This repo provides the source code & data of our paper GreaseLM: Graph REASoning Enhanced Language Models for Question Answering (ICLR 2022 spotlight). If you use any of our code, processed data or pretrained models, please cite:
@inproceedings{zhang2021greaselm,
title={GreaseLM: Graph REASoning Enhanced Language Models},
author={Zhang, Xikun and Bosselut, Antoine and Yasunaga, Michihiro and Ren, Hongyu and Liang, Percy and Manning, Christopher D and Leskovec, Jure},
booktitle={International Conference on Learning Representations},
year={2021}
}
- Python == 3.8
- PyTorch == 1.8.0
- transformers == 3.4.0
- torch-geometric == 1.7.0
Run the following commands to create a conda environment (assuming CUDA 10.1):
conda create -y -n greaselm python=3.8
conda activate greaselm
pip install numpy==1.18.3 tqdm
pip install torch==1.8.0+cu101 torchvision -f https://download.pytorch.org/whl/torch_stable.html
pip install transformers==3.4.0 nltk spacy
pip install wandb
conda install -y -c conda-forge tensorboardx
conda install -y -c conda-forge tensorboard
# for torch-geometric
pip install torch-scatter==2.0.7 -f https://pytorch-geometric.com/whl/torch-1.8.0+cu101.html
pip install torch-cluster==1.5.9 -f https://pytorch-geometric.com/whl/torch-1.8.0+cu101.html
pip install torch-sparse==0.6.9 -f https://pytorch-geometric.com/whl/torch-1.8.0+cu101.html
pip install torch-spline-conv==1.2.1 -f https://pytorch-geometric.com/whl/torch-1.8.0+cu101.html
pip install torch-geometric==1.7.0 -f https://pytorch-geometric.com/whl/torch-1.8.0+cu101.html
Preprocessing the data yourself may take a long time, so if you want to directly download preprocessed data, please jump to the next subsection.

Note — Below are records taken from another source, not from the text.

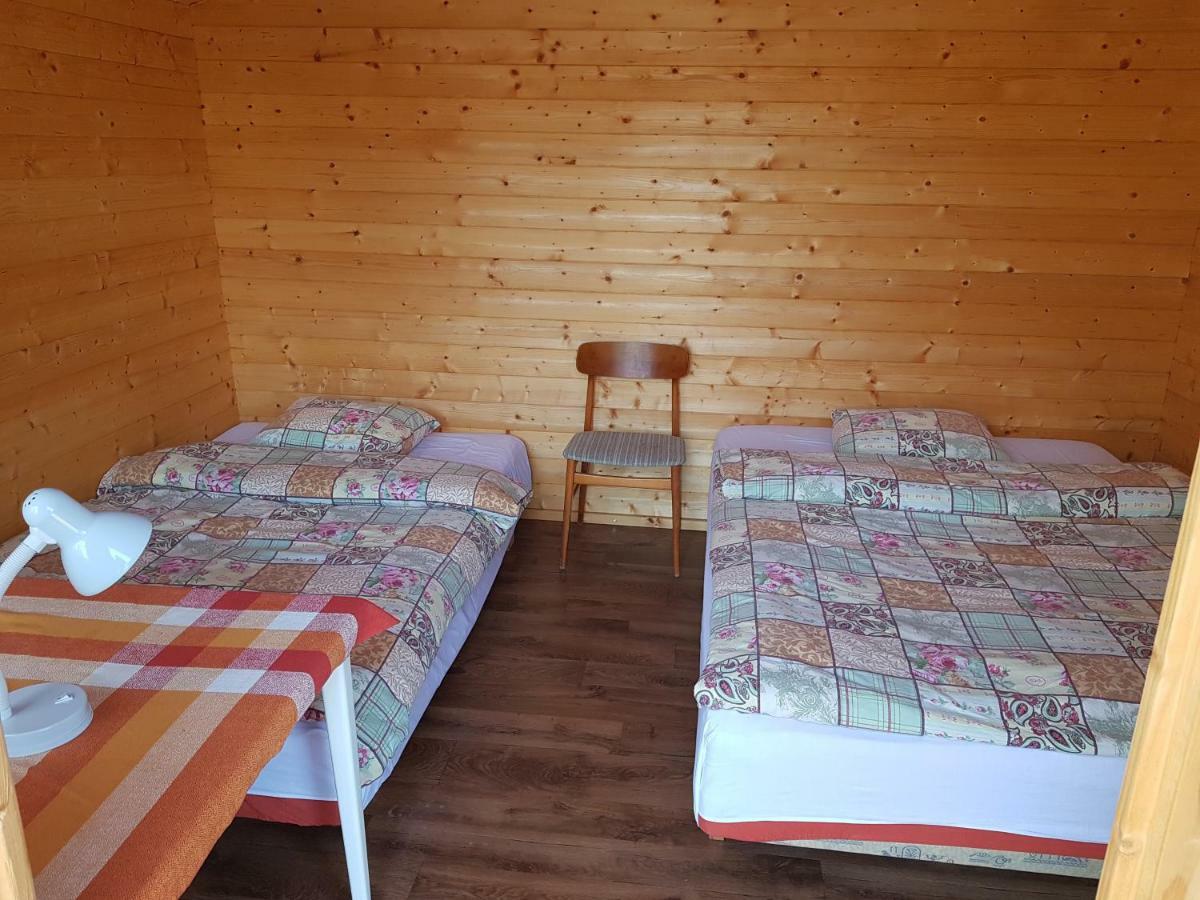 Hotel Soomaa Water Camp Jõesuu Exteriér fotografie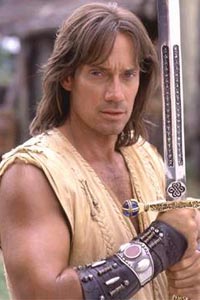 Кевин Сорбо (Kevin Sorbo)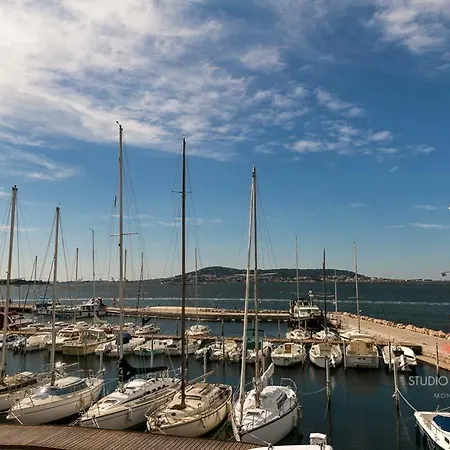 Hotell A La Voile Blanche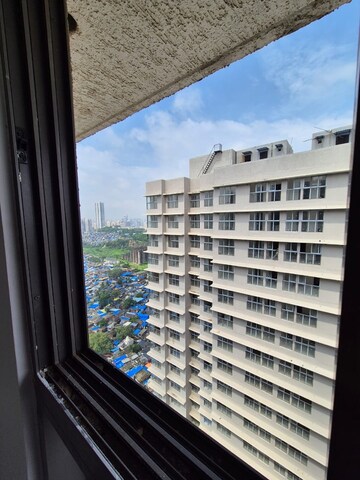 2 BHK Apartment – Exterior View View at UK Iridium, Kandivali East - for Rent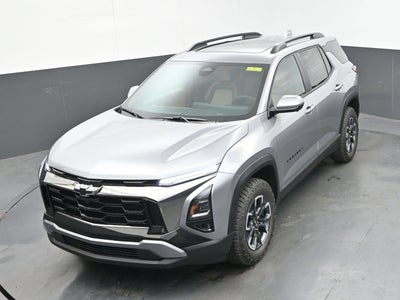 2026 Chevrolet Equinox AWD ACTIV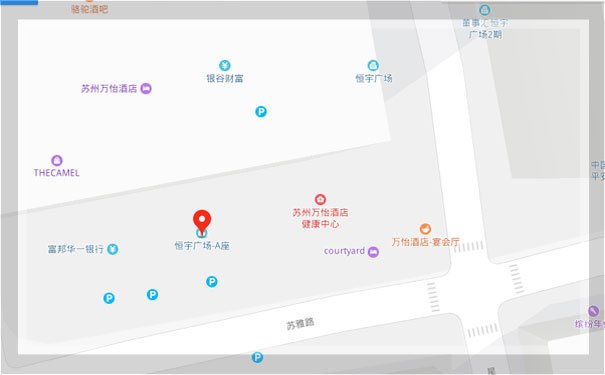 苏州仁和会计培训学校分校地址（含地图）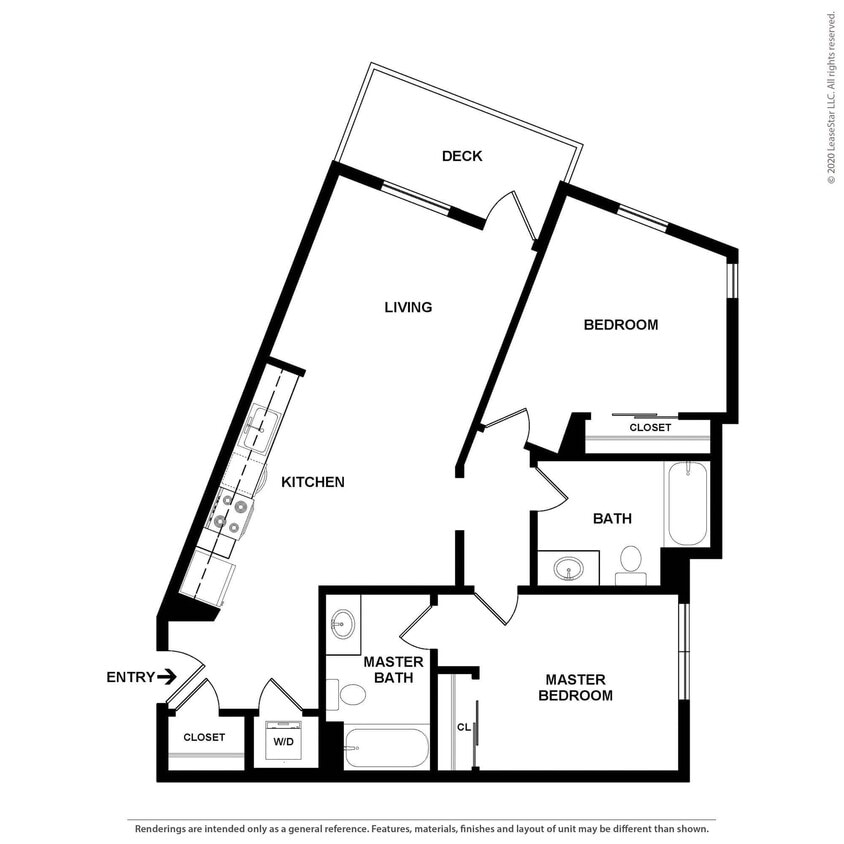 Floor Plan - C1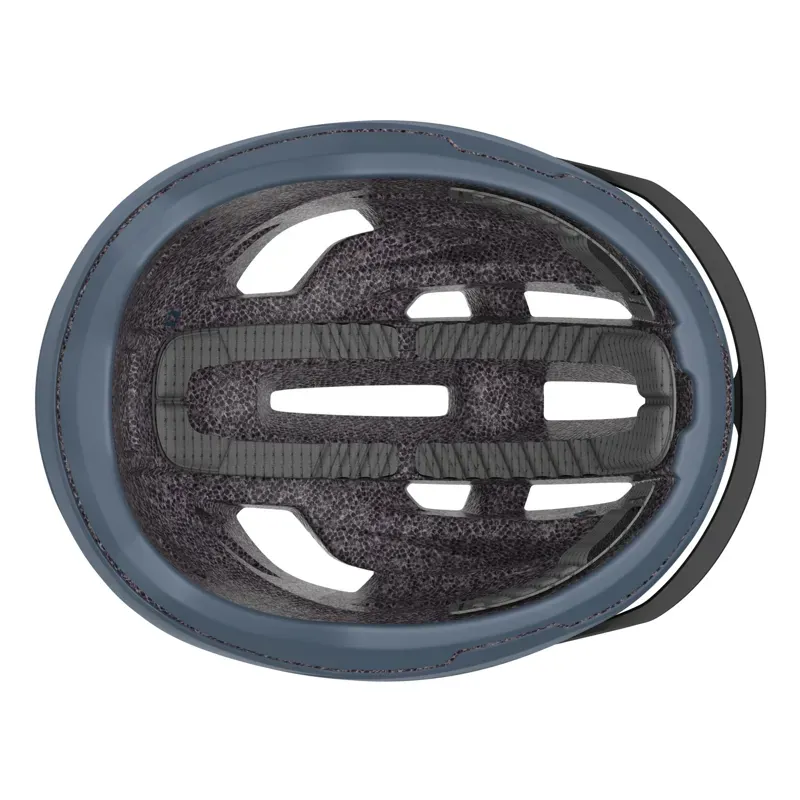 Scott Arx CE Helmet in Blue -3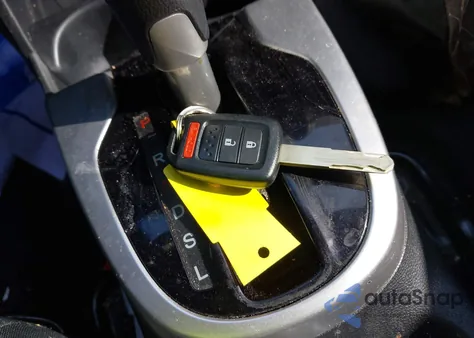 2019 Honda Fit Lx из США, поврежденный, VIN 3HGGK5H49KM717317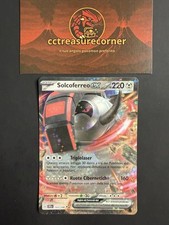 Solcoferreo Ex - 143/198 - Scarlatto E Violetto SVI - ITALIANO 🇮🇹 - NEAR MINT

Download the raw ConceptNet, CommonsenseQA, and OpenBookQA data by using
./download_raw_data.sh
You can preprocess the raw data by running
CUDA_VISIBLE_DEVICES=0 python preprocess.py -p <num_processes>
You can specify the GPU you want to use at the beginning of the command CUDA_VISIBLE_DEVICES=...
. The script will:
- Setup ConceptNet (e.g., extract English relations from ConceptNet, merge the original 42 relation types into 17 types)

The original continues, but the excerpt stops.